Рольф приехал в дом, где жила Кэт, когда солнце еще казалось дымным, морозным. Небо было бесцветное, высокое — таким оно бывает и в последние дни ноября, перед первыми заморозками. Единственное, в чем угадывалась весна, так это в неистовом веселом воробьином гомоне и в утробном воркованье голубей…

— Хайль Гитлер! — приветствовала его Барбара, поднявшись со своего места. — Только что мы имели…

Не дослушав ее, Рольф сказал:

— Оставьте нас вдвоем.

Лицо Барбары, до этого улыбчивое, сразу сделалось твердым, служебным, и она вышла в другую комнату. Когда она отворяла дверь, Кэт услышала голос сына — он, видимо, только что проснулся и просил есть.

— Позвольте, я покормлю мальчика, — сказала Кэт, — а то он не даст нам работать.

— Мальчик подождет.

— Но это невозможно. Его надо кормить в определенное время.

— Хорошо. Вы покормите его после того, как ответите на мой вопрос.

В дверь постучали.

— Мы заняты! — крикнул Рольф.

Дверь открылась: на пороге стоял Гельмут с ребенком на руках.

— Пора кормить, — сказал он, — мальчик очень просит кушать.

— Подождет! — крикнул Рольф. — Закройте дверь!

— Да, но… — начал было Гельмут, но Рольф, поднявшись, быстро подошел к двери и закрыл ее прямо перед носом седого контуженного эсэсовца.

— Так вот. Нам стало известно, что вы знаете резидента.

— Я уже объясняла…

— Я знаю ваши объяснения. Я читал их и слушал в магнитофонной записи. Они меня устраивали до сегодняшнего утра. А вот с сегодняшнего утра эти ваши объяснения меня устраивать перестали.

— Что случилось сегодня утром?

— Кое-что случилось. Мы ждали, когда это случится, мы все знали с самого начала — нам нужны были доказательства. И мы их получили. Мы ведь не можем арестовать человека, если у нас нет доказательств: улик, фактов или хотя бы свидетельства двух людей. Так вот, мы получили улику.

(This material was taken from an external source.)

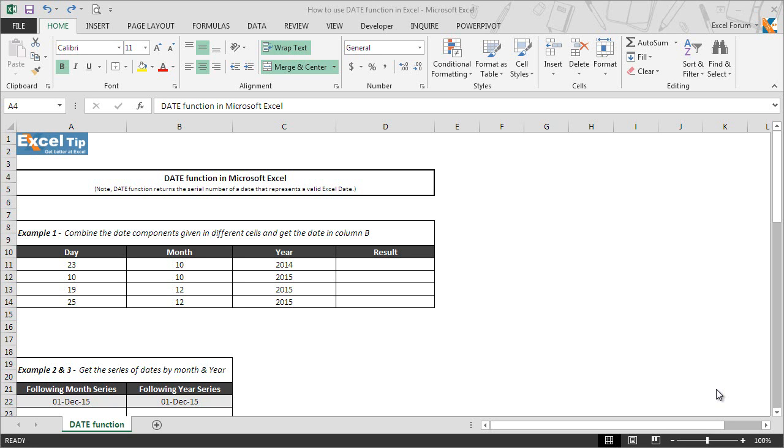Hello and welcome back to the Excel Day videos. Today in this video, we will explain the usage of the date function and its syntax in Excel.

— По-моему, я не отказывалась с самого начала…

— Не играйте, не играйте! Не о вас идет речь! И вы прекрасно знаете, о ком идет речь.

— Я не знаю, о ком идет речь. И очень прошу вас: позвольте мне покормить мальчика.

— Сначала вы скажете мне, где и когда у вас были встречи с резидентом, а после пойдете кормить мальчика.

— Я уже объясняла тому господину, который арестовывал меня, что ни имени резидента, ни его адреса, ни, наконец, его самого я не знаю.

— Послушайте, — сказал Рольф, — не валяйте вы дурака.

Он очень устал, потому что все близкие сотрудники Мюллера не спали всю ночь, организуя наблюдение по секторам за машиной Штирлица. Засада была оставлена и возле его дома, и рядом с этой конспиративной радиоквартирой, но Штирлиц как в воду канул. Причем Мюллер запретил сообщать о том, что Штирлица ищут, Кальтенбруннеру, тем более Шелленбергу. Мюллер решил сыграть эту партию сам: он понимал, что это очень сложная партия. Он знал, что именно Борман является полноправным хозяином громадных денежных сумм, размещенных в банках Швеции, Швейцарии, Бразилии и — через подставных лиц — даже в США. Борман не за-бывает услуг. Борман не забывает зла. Он записывает все, так или иначе связанное с Гитлером, — даже на носовых платках. Но он ничего не записывает, когда дело касается его самого: он это запоминает навечно. Поэтому партию со Штирлицем, который звонил к Борману и виделся с ним, шеф гестапо разыгрывал самостоятельно. Все было бы просто и уже неинтересно со Штирлицем, не существуй его звонка к Борману и их встречи. Круг замкнулся: Штирлиц — шифр в Берне — русская радистка. И этот круг покоился на мощном фундаменте — Бормане. Поэтому шеф гестапо и его ближайшие сотрудники не спали всю ночь и вымотались до последнего предела, расставляя капканы, готовясь к решительному поединку.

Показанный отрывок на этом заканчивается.